▶ [PROBLEM STATEMENT]: Write out the records that follow exactly. Do not include pictures.

▶ [DATA SUPPLIED]:
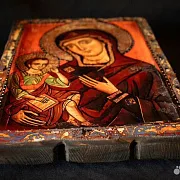 Икона Богоматери "Одигитрия" с подтавкой — красивый подарок — фотография 4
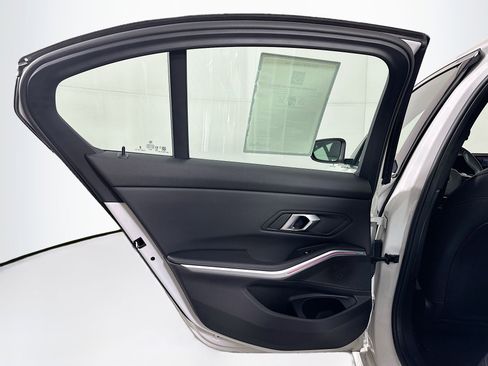 Used 2025 BMW 330i Sedan RWD image 27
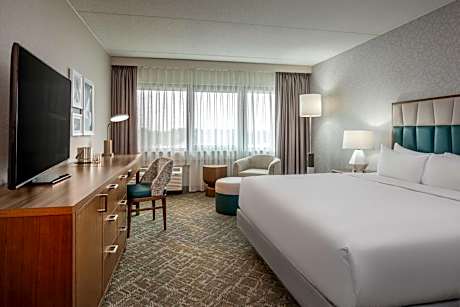 1 King Bed Corner Room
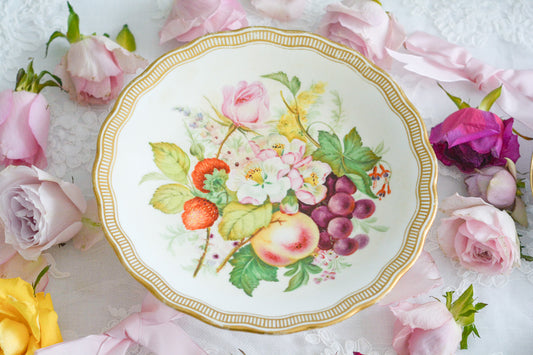 とっても美しいペイントが施されたコンポート。桃や葡萄、苺など果物とバラなどのお花。丁寧に写実的に描かれています。ずーっと眺めていたくなる美しさです。全体的に貫入がありますが、それによって絵画のような雰囲気を醸し出しています。貫入は通常のヒビではなく、油薬の表面上のみのヒビでありそれによって欠けることはありません。紅茶などの着色は着きやすいですのでご使用後はなるべく早く洗ってください。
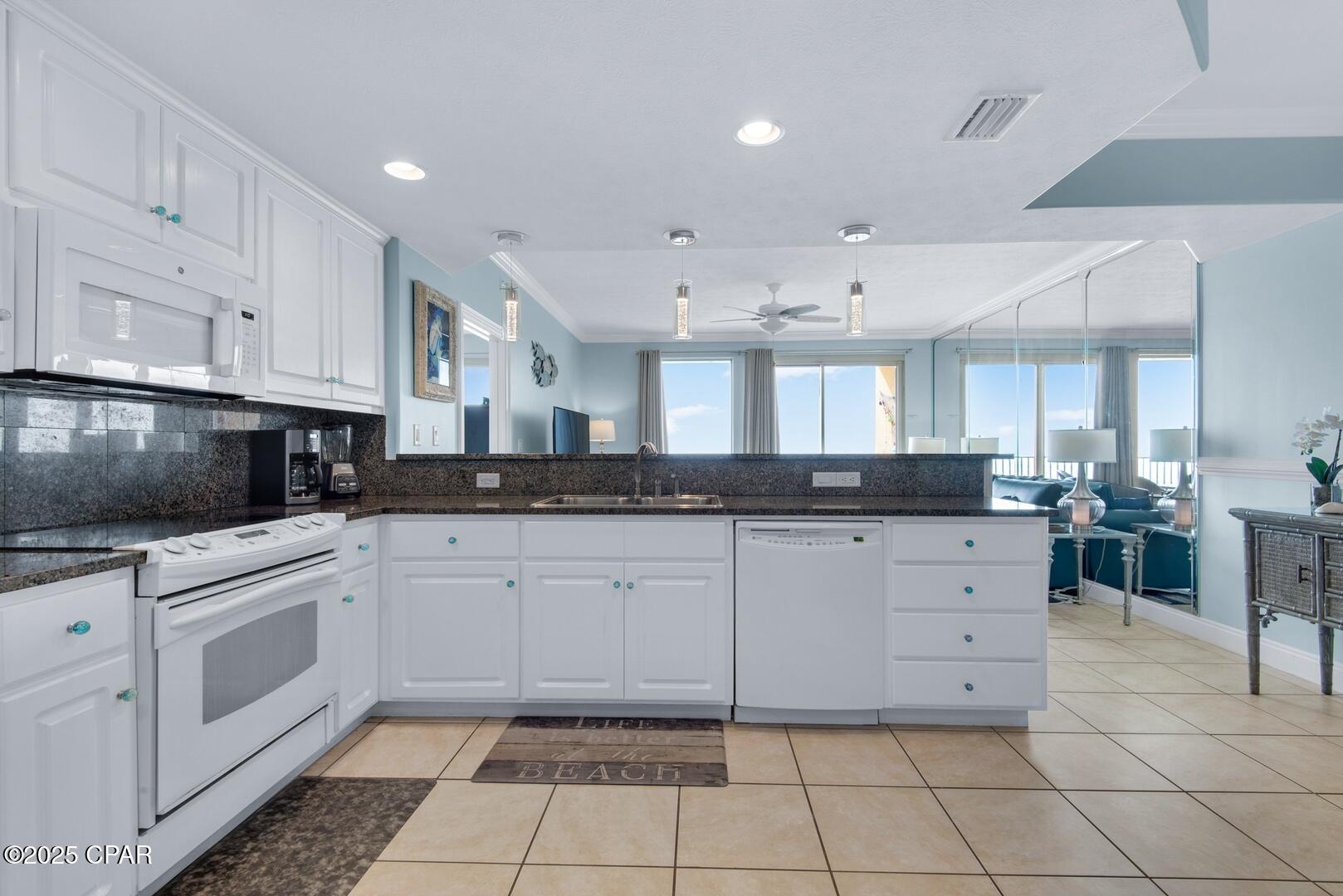 Image 9 For 5004 Thomas Drive 2304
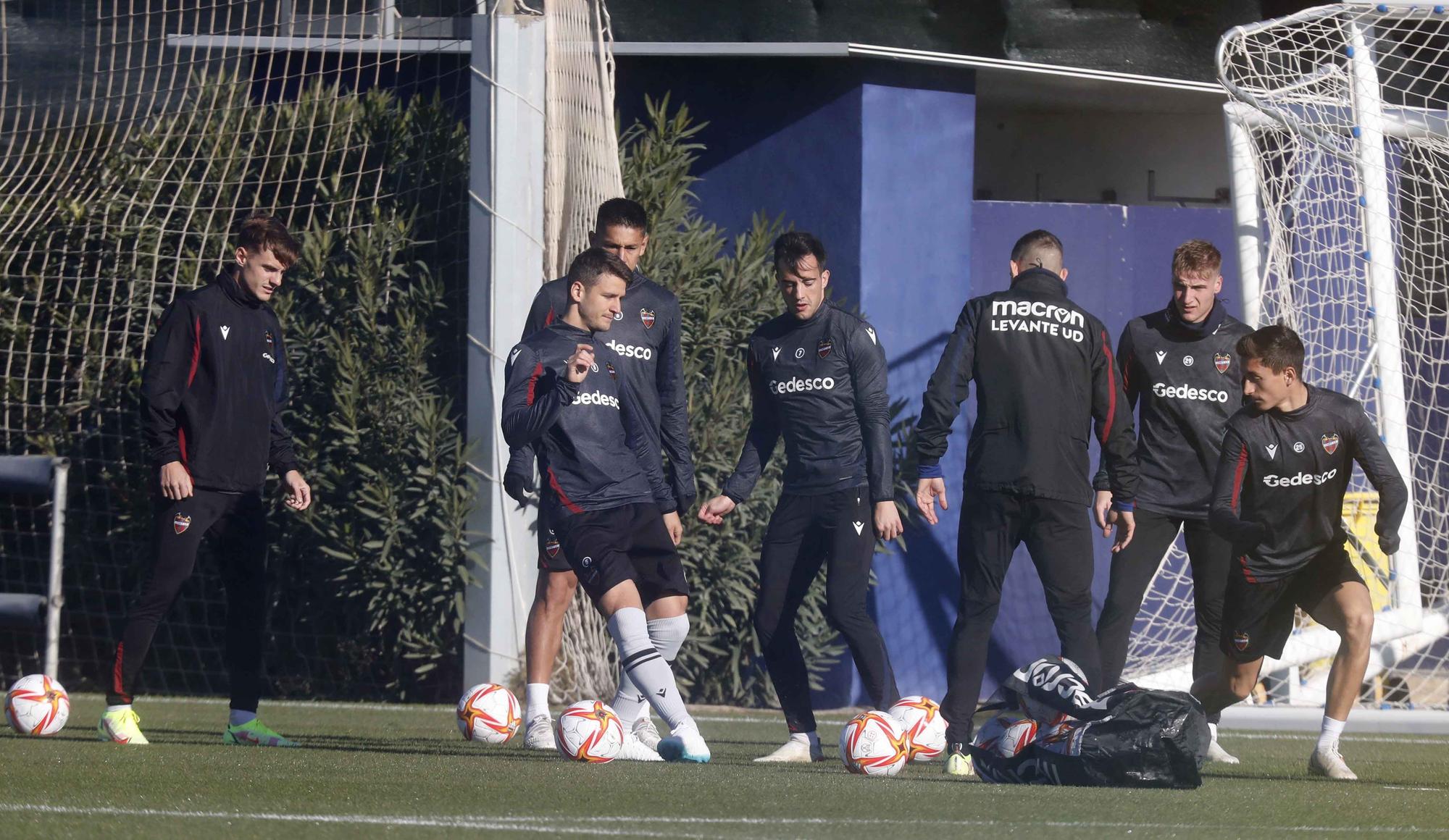 Último entrenamiento del Levante antes de viajar a Melilla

▶ [EXPECTED ANSWER]:
 Икона Богоматери "Одигитрия" с подтавкой — красивый подарок — фотография 4
 Used 2025 BMW 330i Sedan RWD image 27
 1 King Bed Corner Room
 とっても美しいペイントが施されたコンポート。桃や葡萄、苺など果物とバラなどのお花。丁寧に写実的に描かれています。ずーっと眺めていたくなる美しさです。全体的に貫入がありますが、それによって絵画のような雰囲気を醸し出しています。貫入は通常のヒビではなく、油薬の表面上のみのヒビでありそれによって欠けることはありません。紅茶などの着色は着きやすいですのでご使用後はなるべく早く洗ってください。
 Image 9 For 5004 Thomas Drive 2304
 Último entrenamiento del Levante antes de viajar a Melilla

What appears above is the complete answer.